**PROBLEM REQUIREMENTS**
The answer must be an exact copy of the records below, with every picture left out.

[Collected data]

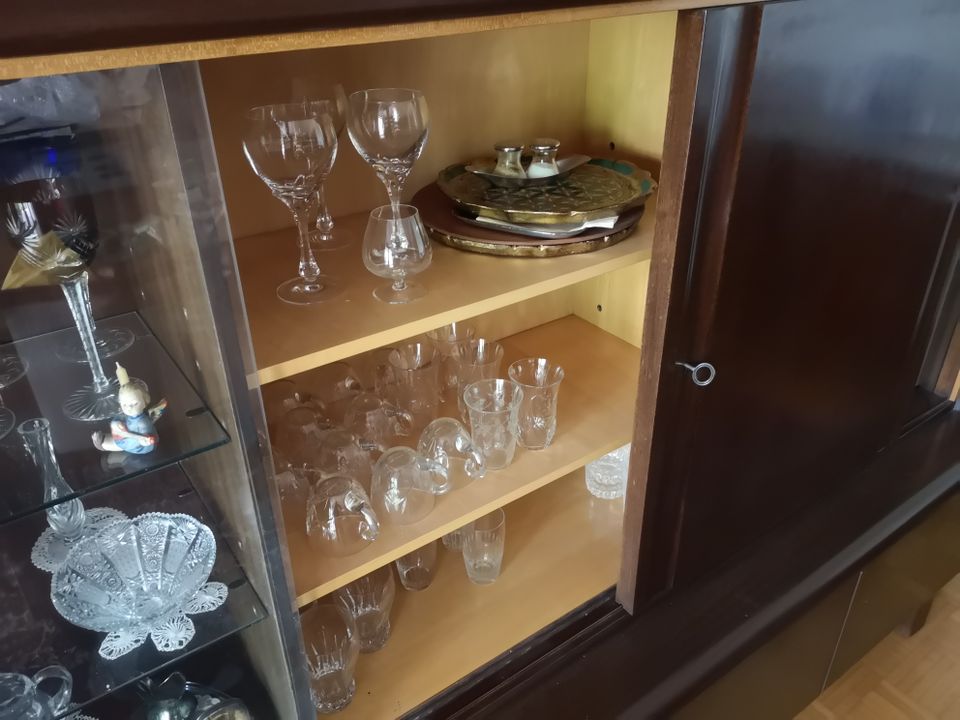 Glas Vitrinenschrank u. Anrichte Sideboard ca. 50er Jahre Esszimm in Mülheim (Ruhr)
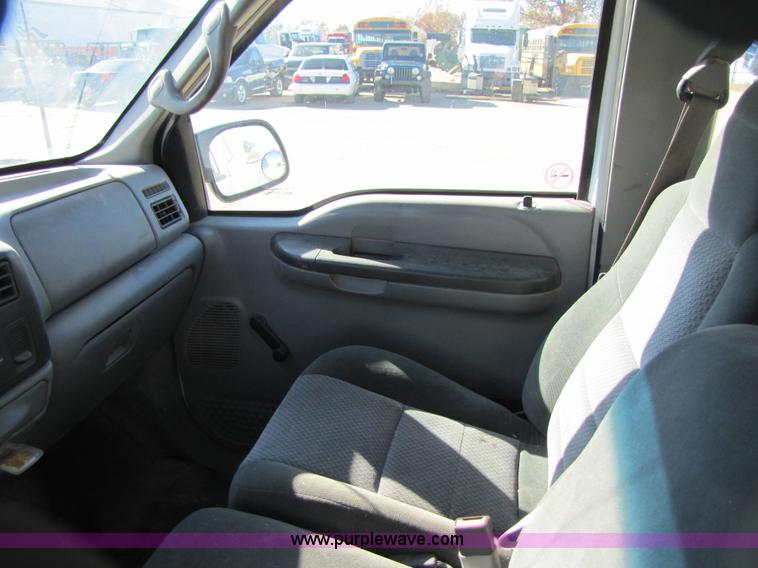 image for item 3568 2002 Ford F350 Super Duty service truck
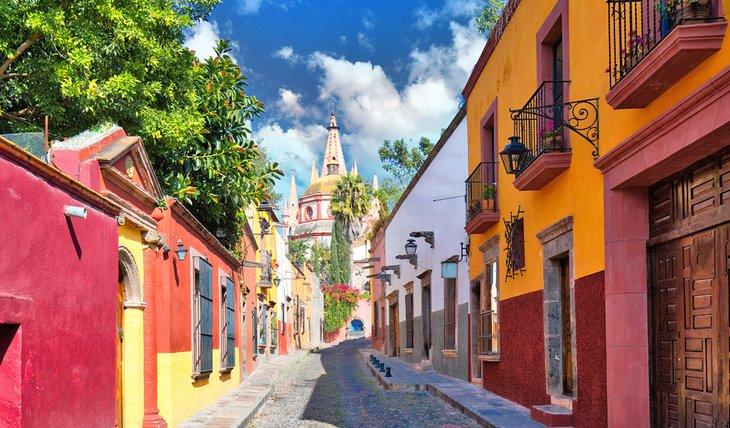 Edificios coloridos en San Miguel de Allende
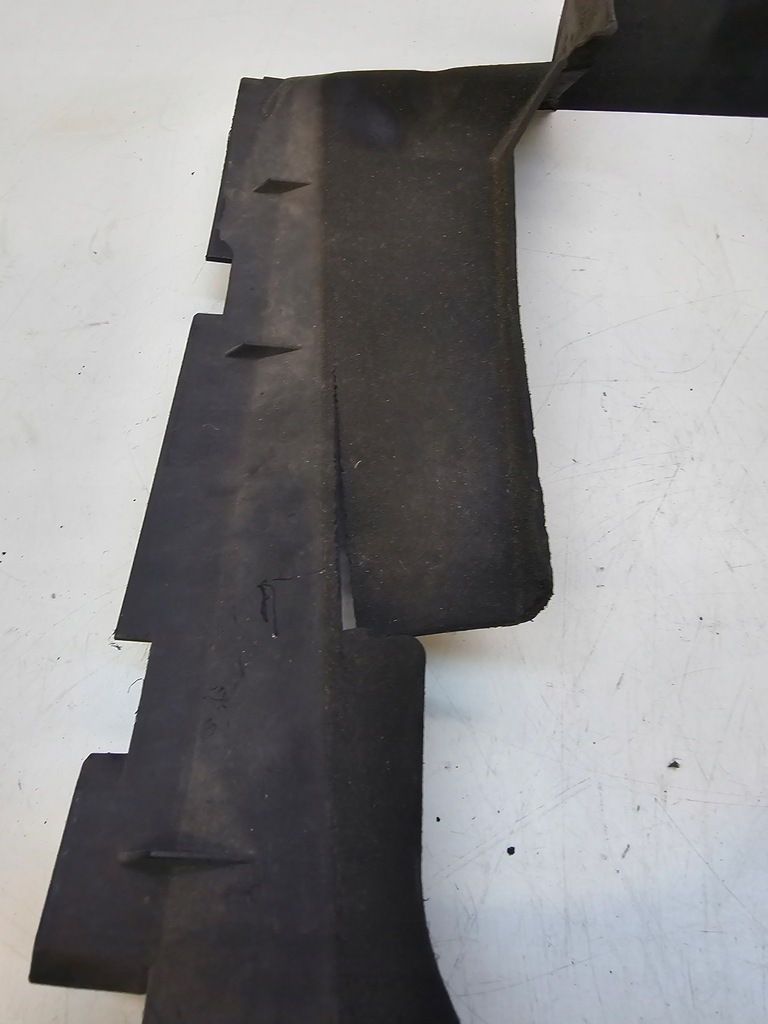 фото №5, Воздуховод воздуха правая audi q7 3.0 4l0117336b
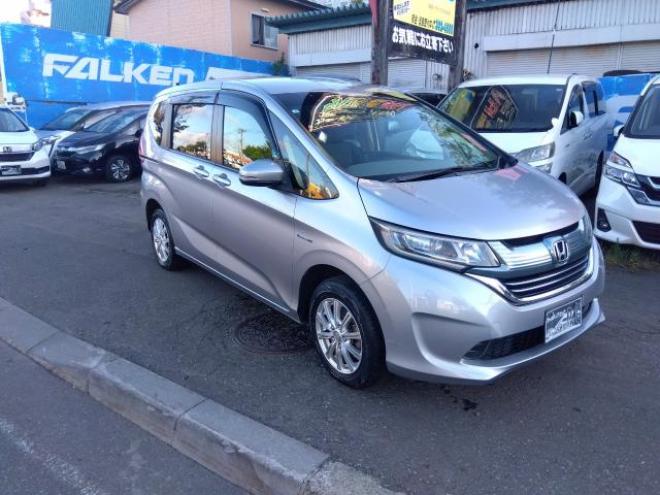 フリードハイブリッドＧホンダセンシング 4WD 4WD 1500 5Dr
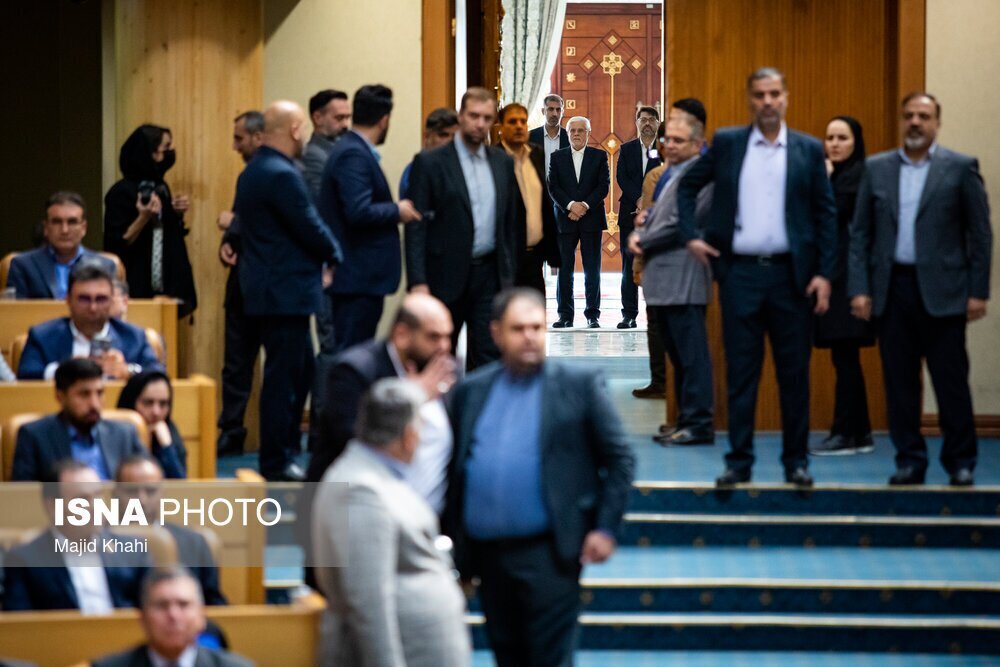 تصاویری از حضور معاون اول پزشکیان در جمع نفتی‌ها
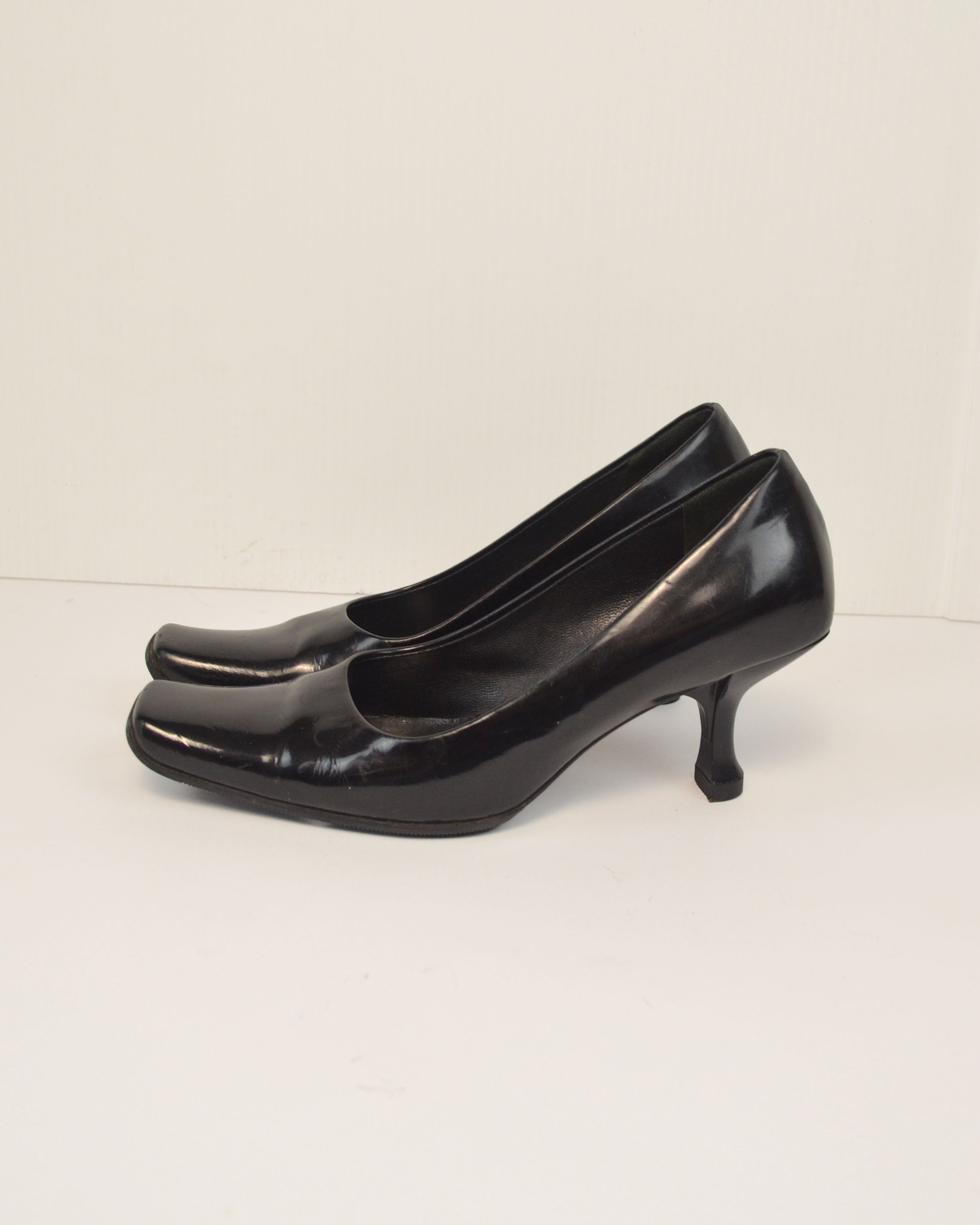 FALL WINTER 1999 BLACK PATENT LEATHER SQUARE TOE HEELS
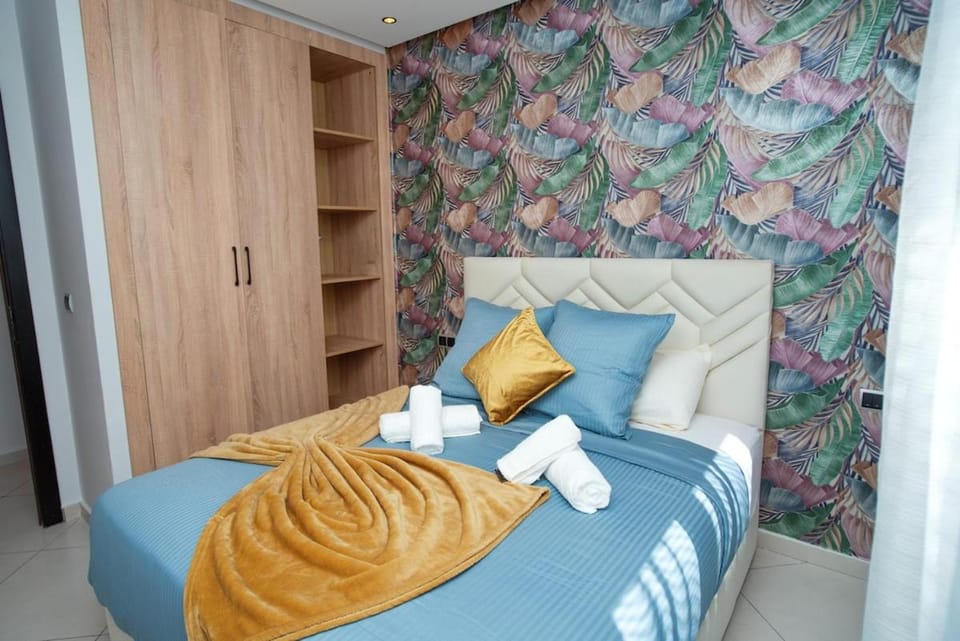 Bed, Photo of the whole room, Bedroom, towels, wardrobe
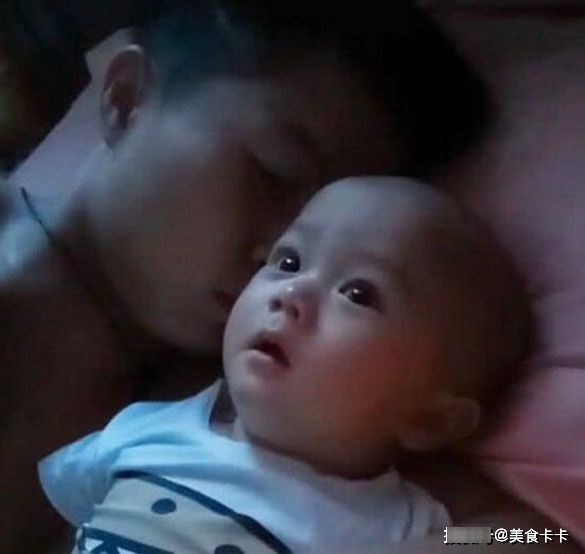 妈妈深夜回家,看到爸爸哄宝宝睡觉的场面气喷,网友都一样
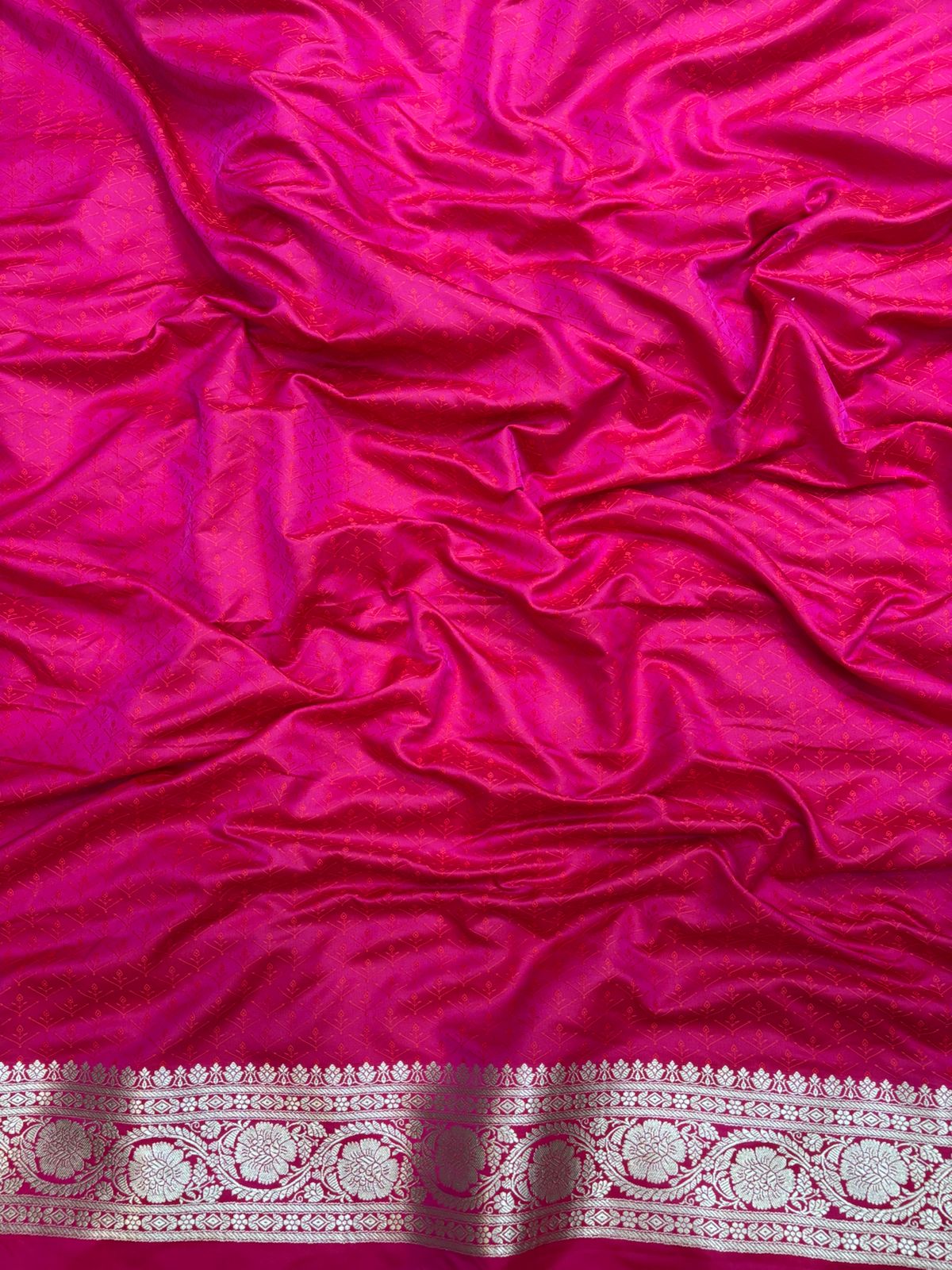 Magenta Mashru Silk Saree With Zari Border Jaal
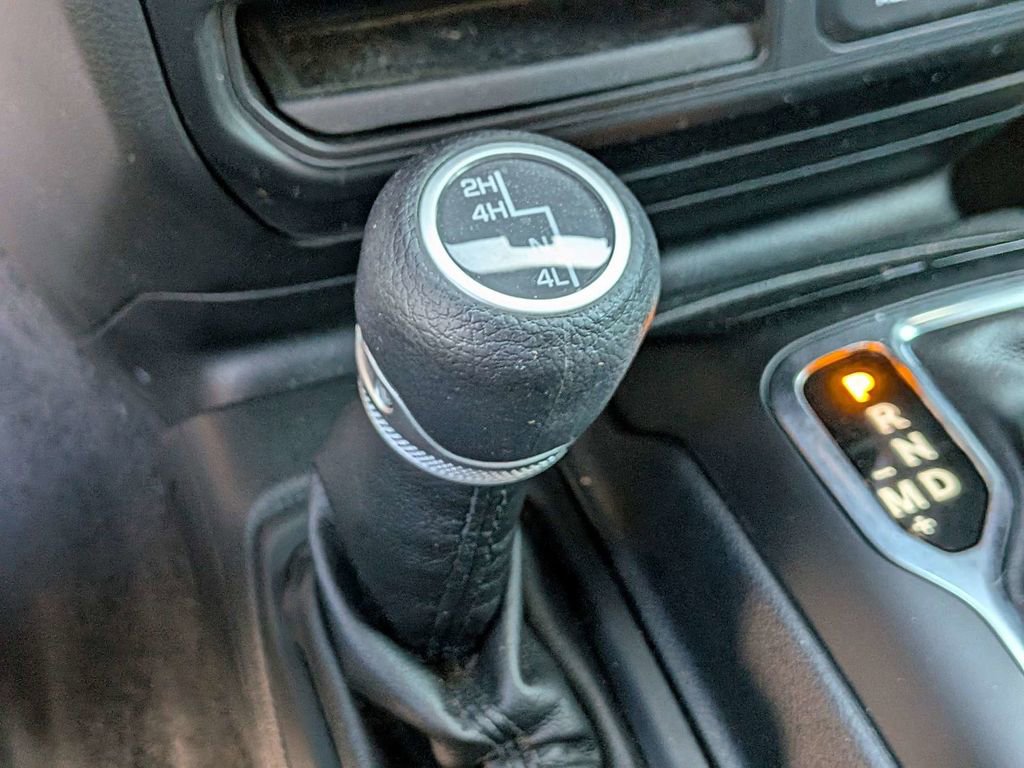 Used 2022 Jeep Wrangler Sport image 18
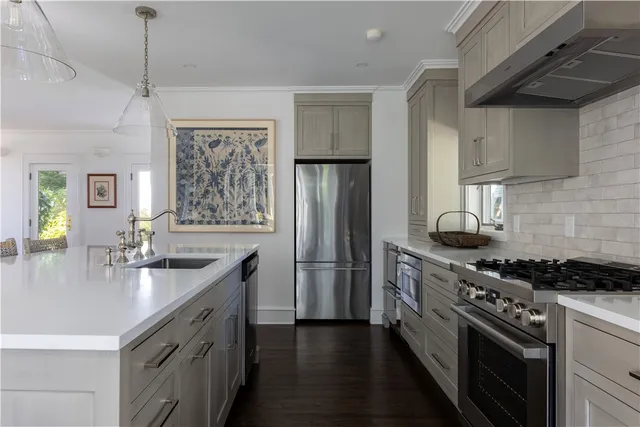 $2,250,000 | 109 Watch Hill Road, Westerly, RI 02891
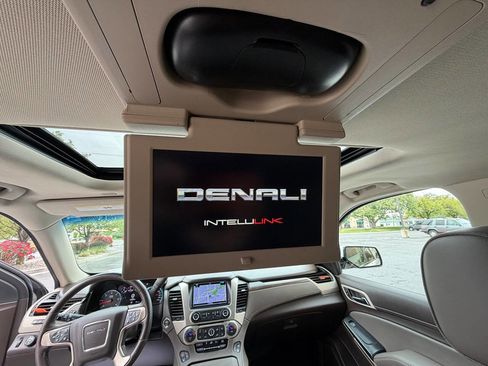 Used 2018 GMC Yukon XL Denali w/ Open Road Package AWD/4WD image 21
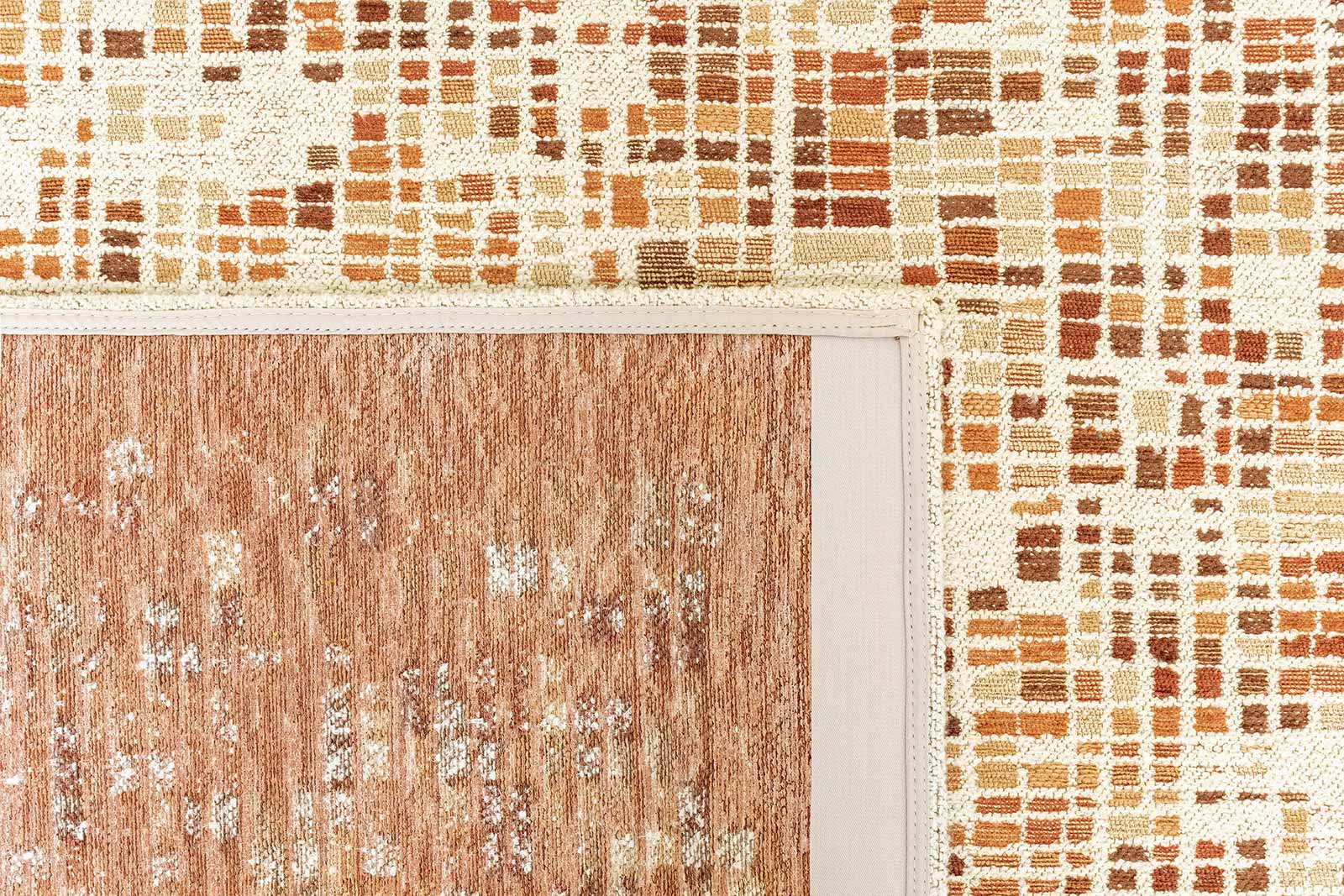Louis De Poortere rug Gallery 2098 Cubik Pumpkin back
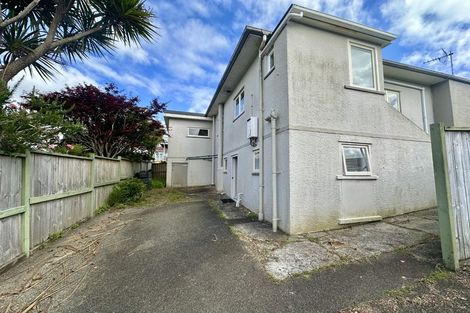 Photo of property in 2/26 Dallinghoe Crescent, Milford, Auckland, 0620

**SOLUTION FOR THIS PROBLEM**
 Glas Vitrinenschrank u. Anrichte Sideboard ca. 50er Jahre Esszimm in Mülheim (Ruhr)
 image for item 3568 2002 Ford F350 Super Duty service truck
 Edificios coloridos en San Miguel de Allende
 фото №5, Воздуховод воздуха правая audi q7 3.0 4l0117336b
 フリードハイブリッドＧホンダセンシング 4WD 4WD 1500 5Dr
 تصاویری از حضور معاون اول پزشکیان در جمع نفتی‌ها
 FALL WINTER 1999 BLACK PATENT LEATHER SQUARE TOE HEELS
 Bed, Photo of the whole room, Bedroom, towels, wardrobe
 妈妈深夜回家,看到爸爸哄宝宝睡觉的场面气喷,网友都一样
 Magenta Mashru Silk Saree With Zari Border Jaal
 Used 2022 Jeep Wrangler Sport image 18
 $2,250,000 | 109 Watch Hill Road, Westerly, RI 02891
 Used 2018 GMC Yukon XL Denali w/ Open Road Package AWD/4WD image 21
Louis De Poortere rug Gallery 2098 Cubik Pumpkin back
 Photo of property in 2/26 Dallinghoe Crescent, Milford, Auckland, 0620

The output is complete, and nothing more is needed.